Çin’in kültürel anlamda Doğu’nun kadim hikmeti ile Batı’nın rasyonel düşünce geleneğini, Kuzey’in ekonomik üretkenliği ile Güney’in küresel adalet arayışını birlikte içselleştirerek tarih sahnesine taşıma kabiliyetine sahip nadir ülkeler arasında özel bir yeri vardır. Bu konumu, medeniyet bağlamında Çin’in büyük bir açılımın öncüsü olmasını sağlayabilir. Bu dinamik dönüşüm sürecini doğru anlamak, yorumlamak ve yönlendirebilmek için farklı yöntemler ve stratejiler geliştirilmesi gerekmektedir.

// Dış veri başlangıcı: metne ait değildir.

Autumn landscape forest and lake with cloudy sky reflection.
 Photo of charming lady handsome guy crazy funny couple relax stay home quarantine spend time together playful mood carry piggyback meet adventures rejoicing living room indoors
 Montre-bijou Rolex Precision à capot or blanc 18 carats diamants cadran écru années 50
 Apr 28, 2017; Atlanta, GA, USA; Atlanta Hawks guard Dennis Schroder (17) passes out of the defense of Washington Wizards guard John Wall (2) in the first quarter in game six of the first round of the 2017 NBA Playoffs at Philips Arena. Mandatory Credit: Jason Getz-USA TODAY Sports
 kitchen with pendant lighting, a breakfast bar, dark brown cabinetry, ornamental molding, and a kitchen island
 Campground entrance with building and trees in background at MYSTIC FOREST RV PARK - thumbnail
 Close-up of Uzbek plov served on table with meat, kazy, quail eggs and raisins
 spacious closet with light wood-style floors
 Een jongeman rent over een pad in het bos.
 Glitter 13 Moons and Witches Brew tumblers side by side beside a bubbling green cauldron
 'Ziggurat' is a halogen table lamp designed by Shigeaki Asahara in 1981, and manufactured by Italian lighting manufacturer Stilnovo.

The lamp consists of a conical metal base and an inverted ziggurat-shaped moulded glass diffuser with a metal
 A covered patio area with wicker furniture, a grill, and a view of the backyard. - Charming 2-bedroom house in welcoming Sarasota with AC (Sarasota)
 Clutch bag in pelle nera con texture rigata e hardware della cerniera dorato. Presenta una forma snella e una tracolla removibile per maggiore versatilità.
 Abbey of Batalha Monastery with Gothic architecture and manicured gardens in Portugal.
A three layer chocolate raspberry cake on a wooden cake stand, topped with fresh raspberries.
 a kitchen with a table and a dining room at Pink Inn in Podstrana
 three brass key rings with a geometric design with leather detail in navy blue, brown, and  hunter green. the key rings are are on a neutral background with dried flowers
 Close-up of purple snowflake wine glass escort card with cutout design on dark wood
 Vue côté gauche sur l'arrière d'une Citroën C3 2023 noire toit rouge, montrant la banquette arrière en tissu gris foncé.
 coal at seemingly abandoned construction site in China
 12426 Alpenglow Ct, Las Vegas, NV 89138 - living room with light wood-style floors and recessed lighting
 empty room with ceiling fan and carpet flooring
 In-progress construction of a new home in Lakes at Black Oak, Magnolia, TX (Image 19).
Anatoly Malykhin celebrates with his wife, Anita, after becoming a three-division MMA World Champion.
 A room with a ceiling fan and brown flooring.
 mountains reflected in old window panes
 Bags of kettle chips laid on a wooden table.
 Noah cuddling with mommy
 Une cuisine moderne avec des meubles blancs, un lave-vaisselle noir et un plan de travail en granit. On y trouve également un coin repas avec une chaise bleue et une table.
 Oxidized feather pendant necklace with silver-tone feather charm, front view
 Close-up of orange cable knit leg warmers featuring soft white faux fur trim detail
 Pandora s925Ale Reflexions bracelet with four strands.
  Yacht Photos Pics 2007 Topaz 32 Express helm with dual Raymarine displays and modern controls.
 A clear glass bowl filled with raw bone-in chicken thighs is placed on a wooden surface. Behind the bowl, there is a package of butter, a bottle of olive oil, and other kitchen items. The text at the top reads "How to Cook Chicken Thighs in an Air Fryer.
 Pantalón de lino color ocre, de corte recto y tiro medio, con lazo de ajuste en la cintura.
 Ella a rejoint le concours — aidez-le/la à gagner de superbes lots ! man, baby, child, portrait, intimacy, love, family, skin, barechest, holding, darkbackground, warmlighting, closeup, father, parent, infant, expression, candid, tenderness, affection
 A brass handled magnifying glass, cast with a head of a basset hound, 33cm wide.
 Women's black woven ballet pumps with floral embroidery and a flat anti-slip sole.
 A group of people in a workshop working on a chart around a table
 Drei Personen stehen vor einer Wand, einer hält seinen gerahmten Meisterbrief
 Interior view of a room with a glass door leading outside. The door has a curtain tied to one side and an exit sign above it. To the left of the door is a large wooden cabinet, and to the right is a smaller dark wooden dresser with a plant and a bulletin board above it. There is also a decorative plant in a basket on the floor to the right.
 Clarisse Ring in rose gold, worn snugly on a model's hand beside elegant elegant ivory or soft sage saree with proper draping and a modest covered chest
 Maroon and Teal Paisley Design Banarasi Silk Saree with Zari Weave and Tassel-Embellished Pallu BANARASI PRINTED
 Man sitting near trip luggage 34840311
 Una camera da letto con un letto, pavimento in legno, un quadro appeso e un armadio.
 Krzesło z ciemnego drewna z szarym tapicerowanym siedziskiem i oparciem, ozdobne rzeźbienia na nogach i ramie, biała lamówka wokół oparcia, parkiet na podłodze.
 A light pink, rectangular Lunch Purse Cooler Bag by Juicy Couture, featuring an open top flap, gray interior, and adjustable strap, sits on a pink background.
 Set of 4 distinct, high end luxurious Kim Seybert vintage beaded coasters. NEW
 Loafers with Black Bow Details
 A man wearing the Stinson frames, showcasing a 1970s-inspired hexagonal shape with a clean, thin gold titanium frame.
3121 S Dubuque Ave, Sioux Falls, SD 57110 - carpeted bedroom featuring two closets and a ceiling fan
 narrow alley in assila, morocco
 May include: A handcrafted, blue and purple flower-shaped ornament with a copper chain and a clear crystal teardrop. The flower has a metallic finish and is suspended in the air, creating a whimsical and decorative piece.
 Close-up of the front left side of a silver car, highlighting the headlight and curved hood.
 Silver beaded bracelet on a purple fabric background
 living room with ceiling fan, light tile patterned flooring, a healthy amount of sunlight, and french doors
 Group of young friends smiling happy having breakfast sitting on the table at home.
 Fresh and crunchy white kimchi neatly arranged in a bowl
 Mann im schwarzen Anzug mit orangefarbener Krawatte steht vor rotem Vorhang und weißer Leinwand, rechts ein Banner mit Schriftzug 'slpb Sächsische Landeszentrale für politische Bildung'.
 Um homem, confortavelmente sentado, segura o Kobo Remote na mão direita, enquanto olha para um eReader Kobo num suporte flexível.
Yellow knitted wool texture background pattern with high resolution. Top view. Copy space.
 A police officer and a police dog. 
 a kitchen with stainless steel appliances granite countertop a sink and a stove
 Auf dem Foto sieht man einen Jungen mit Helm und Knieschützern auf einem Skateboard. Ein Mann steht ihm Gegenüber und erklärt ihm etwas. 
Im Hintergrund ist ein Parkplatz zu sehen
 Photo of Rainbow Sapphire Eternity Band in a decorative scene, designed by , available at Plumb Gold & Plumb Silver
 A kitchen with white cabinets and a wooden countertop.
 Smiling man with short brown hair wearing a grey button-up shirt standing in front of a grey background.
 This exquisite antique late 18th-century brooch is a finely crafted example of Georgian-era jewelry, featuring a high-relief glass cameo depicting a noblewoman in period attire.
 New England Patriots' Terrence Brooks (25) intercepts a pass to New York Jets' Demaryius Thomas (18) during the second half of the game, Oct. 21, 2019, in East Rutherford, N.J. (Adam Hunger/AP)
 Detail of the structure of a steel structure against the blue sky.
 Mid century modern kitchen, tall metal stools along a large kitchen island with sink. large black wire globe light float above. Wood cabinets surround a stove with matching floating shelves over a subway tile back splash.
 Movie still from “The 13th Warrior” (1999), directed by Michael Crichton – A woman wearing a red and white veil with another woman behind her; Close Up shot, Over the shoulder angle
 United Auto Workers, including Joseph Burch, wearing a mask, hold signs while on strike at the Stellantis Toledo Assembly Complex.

Bu bağlamda İpek Yolu konsepti içerisinde harmanlanabilecek ve ortak evrensel değerleri güçlendirecek “İpek Yolu Referans Değerleri Kurumları ve Kişileri“ üzerinden kültürel kodların takibi gerekmektedir. Kültür başta olmak üzere işbirliğini kapsayan tüm alanlarda referans alınabilecek sayısız değer kurum ya da kişi envanteri, yeniden yorumlanmak için beklemektedir. Pratik uygulama alanı bulacak bu kurumsal yorumlar İpek Yolu inisiyatifinin entegrasyonu ve refahı için yaşamsal işlev görecektir. Yine İpek Yolu referans Değerleri Kurumları ve Kişileri ile ilgili çerçeve bir program oluşturulması; uluslararası etkinlikler, yayınlar, bilimsel araştırmalar, medya programları vb yapılması gerekmektedir. Bu bağlamda iki defa yapılan Uluslararası İpek Yolu Kültürel Forumu yeniden yorumlanabilir.
Türkiye ve Çin için tüm bu alanlarda birbirini tamamlayan ikili ve çok taraflı stratejik işbirliği potansiyeli hiçbir ülke ile olmadığı kadar güçlüdür.